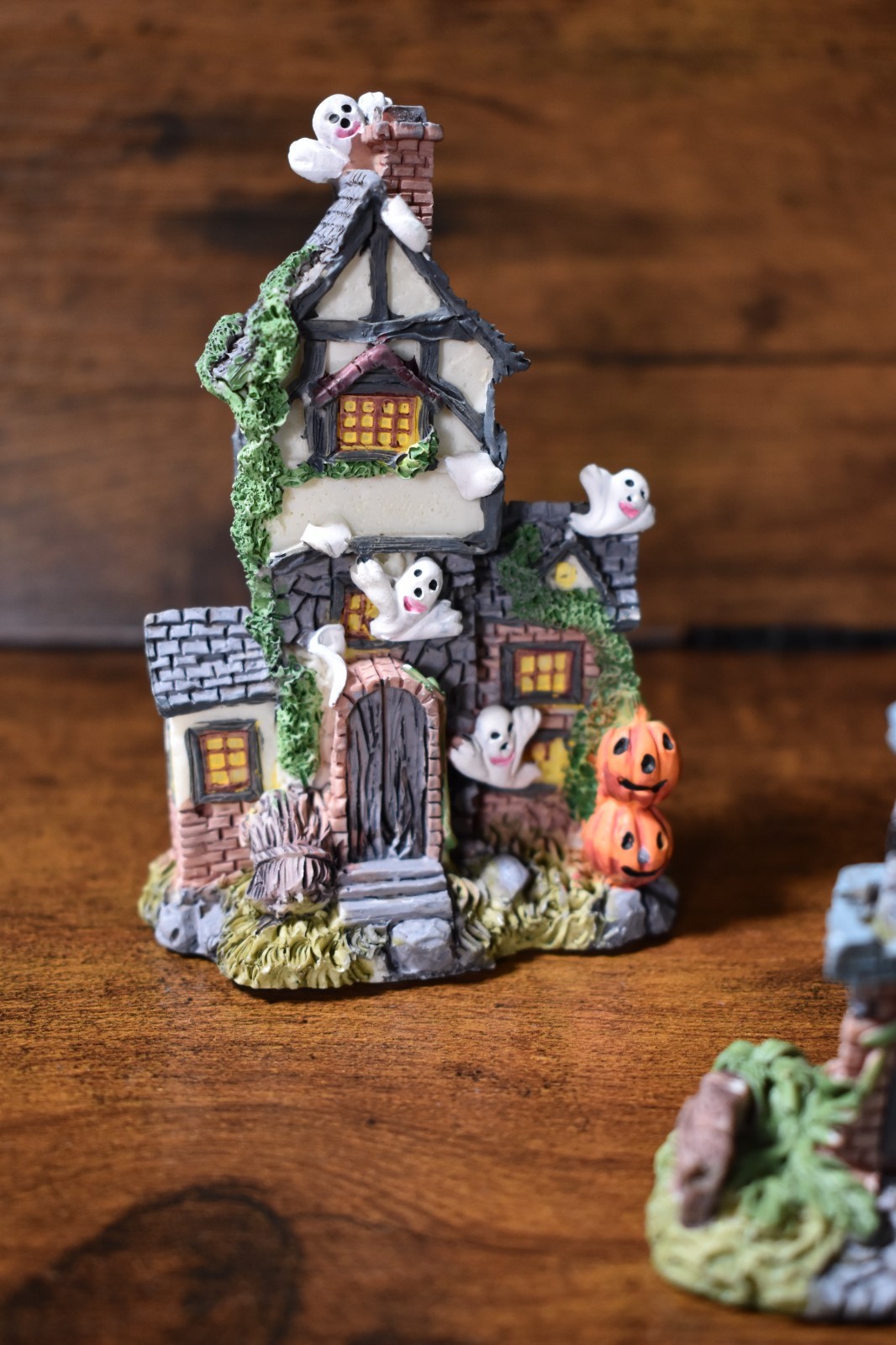 Lot of 2 Vintage K’s Collection Halloween Miniature Houses Resin Decor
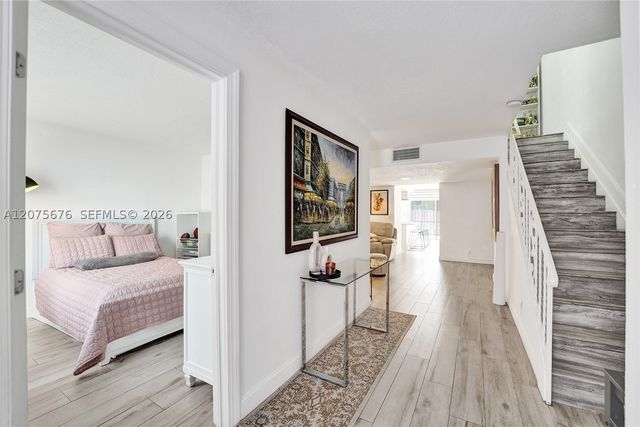 2716 NE 8th St 2716, Hallandale Beach, FL 33009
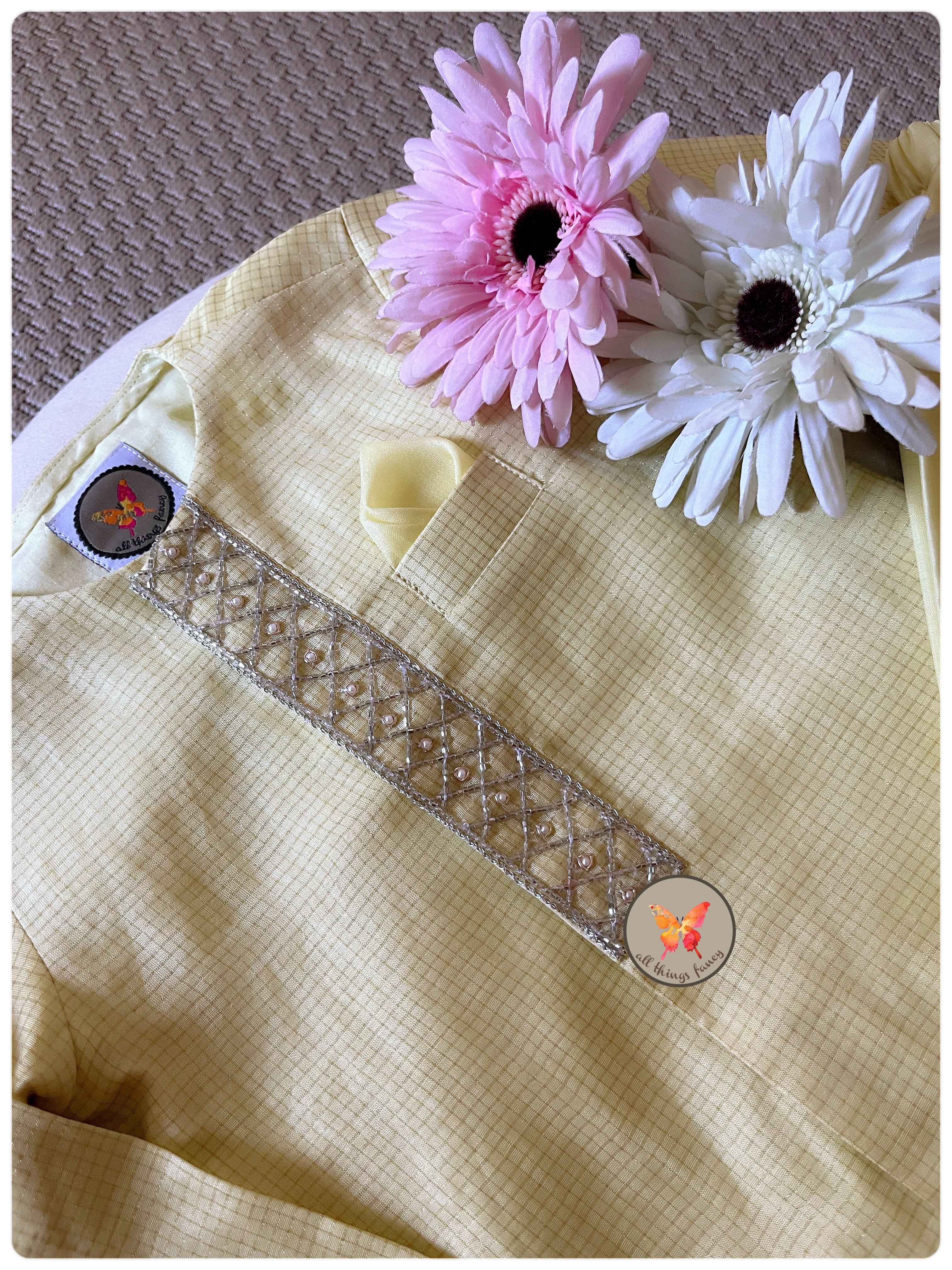 “Xoxo” Zari Checks Set - Yellow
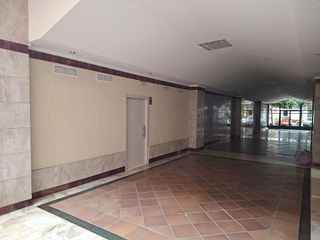 Local comercial en venta en Ciudad Jardín en Sevilla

□ □ □ □ □ □ □

- _Task goal_
All of the listing above has to be reproduced exactly, though without its images.

- _Response to this exercise_
 Lot of 2 Vintage K’s Collection Halloween Miniature Houses Resin Decor
 2716 NE 8th St 2716, Hallandale Beach, FL 33009
 “Xoxo” Zari Checks Set - Yellow
 Local comercial en venta en Ciudad Jardín en Sevilla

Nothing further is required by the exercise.